Susan recoils from the sight, and confronts the monster holding her, which, she sees, is no monster, but the diving suit in which Giorgio’s professor met his watery end. The barnacles, the seaweed, the tiny green crabs scuttling across it, are the yield of decades beneath the water, as are the dents that have misshapen the helmet, the cracks spider-webbing the faceplate’s glass. It has looped the hose around itself like a bandolier. She can’t say if there’s anything left of the suit’s former inhabitant, though she doubts it. What has remained is his anger, his rage at having made the find of his career, of his life, and then been abandoned to death. Contained in the suit, his fury, burning with the blinding flame of an underwater welder’s torch, has sustained it, has maintained its integrity long after time, salt water, and the ministrations of a thousand ocean creatures should have dissolved the garment.

It is terrifying; she has to escape it. She drives the heel of her right palm into the faceplate, hears a chorus of snaps. The helmet draws back, as if surprised. She strikes again, missing the faceplate, hitting the metal beside it with a hollow bong. A surge of hatred blasts her. When she tries a third blow, the thing releases her left shoulder to swat her hand away. It catches her by the throat and squeezes. Never mind that she was years from birth when the professor drowned, that she hasn’t the slightest connection to this tragedy. She is here now, the accident of her presence as good a reason for the thing’s hostility as any. Fingers thick and cold dig into her neck. She grabs its hand, searching to pry open its grip. It is inhumanly strong. She cannot breathe. Her vision contracts. Somewhere distant, the sea strikes the ferry’s hull, BANG. She lets go of the hand, opts for another round of blows, punching the suit’s shoulders, chest, striking the hose wound around it, searching for a last-second vulnerability. Her knuckles tear on barnacles, slip on seaweed, rebound from the hose wrapping it. Oh, Alan, she thinks. Her arms feel incredibly heavy. She can’t have much time left. Goddamn it, she thinks, Goddamn it, the curse summoning a last surge of strength. Muscles screaming for oxygen, she punches as hard and fast as she can, one two three four.

With a crack, her right fist connects with an object that breaks under its impact. There’s a burst of something between them, a soundless explosion. The hands at her neck and shoulder fall away. Gasping for air, Susan collapses into the wall, her fists still out in a trembling attempt at a guard. The diver steps away from her, its hands pushing aside the hose, searching through the seaweed decorating its chest, to a woven bag hung from its neck. Within the bag, the shards of a white disk slide against one another. The damage to the bag’s contents confirmed, the diver’s hands drop to its sides. The cold is bleeding from the air, taking with it the awful smell. The figure retreats another pace. Its malevolence gutters and puffs out. Susan has the impression of something behind the suit, retreating at great speed through the wall, out of the ship, an impossible distance. On slightly unsteady legs, it lumbers to the exit and proceeds into the stairwell. Its heavy boots clank on the metal stairs.

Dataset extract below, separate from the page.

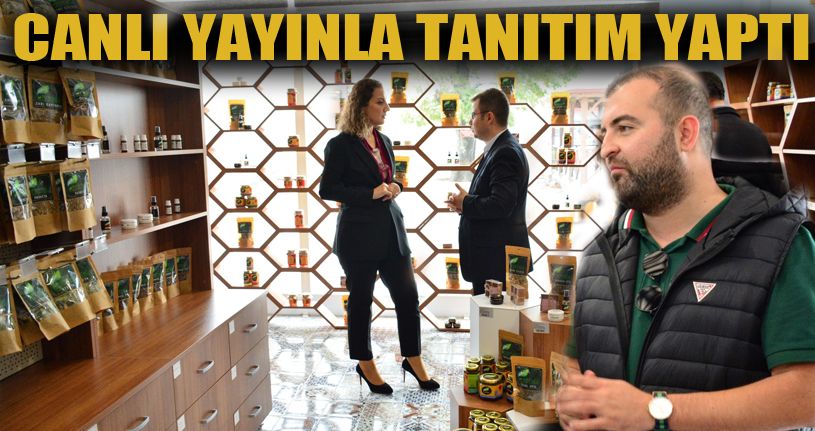 Gastronomi yazarı Eray Kılıç Düzce Üniversitesi’nde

She feels no desire to follow. With a kind of visionary certainty, she knows that the diver is going to continue its climb until it reaches a level that admits to the ferry’s exterior. If enough of its animating force remains, it will walk to a bulwark, lean forward, and allow the weight of its helmet to carry it over into the heaving waves. If not, one or the other of the crew members will come across an astonishing discovery, the remains of an old diving suit, apparently washed onto the ferry by the storm. Perhaps they’ll examine the contents of the bag around its neck, perhaps the professor will receive his recognition yet. Or perhaps not.

For the moment, all Susan wants to do is to return to the cabin where she hopes she will find her husband fast asleep. There’s still a long way to go and the storm has not abated. In the morning, Alan will ask her why she’s wearing gloves and a scarf. She’ll say that she’ll tell him once they’re back at his parents’, safely removed from the sea, and all its marvels and horrors.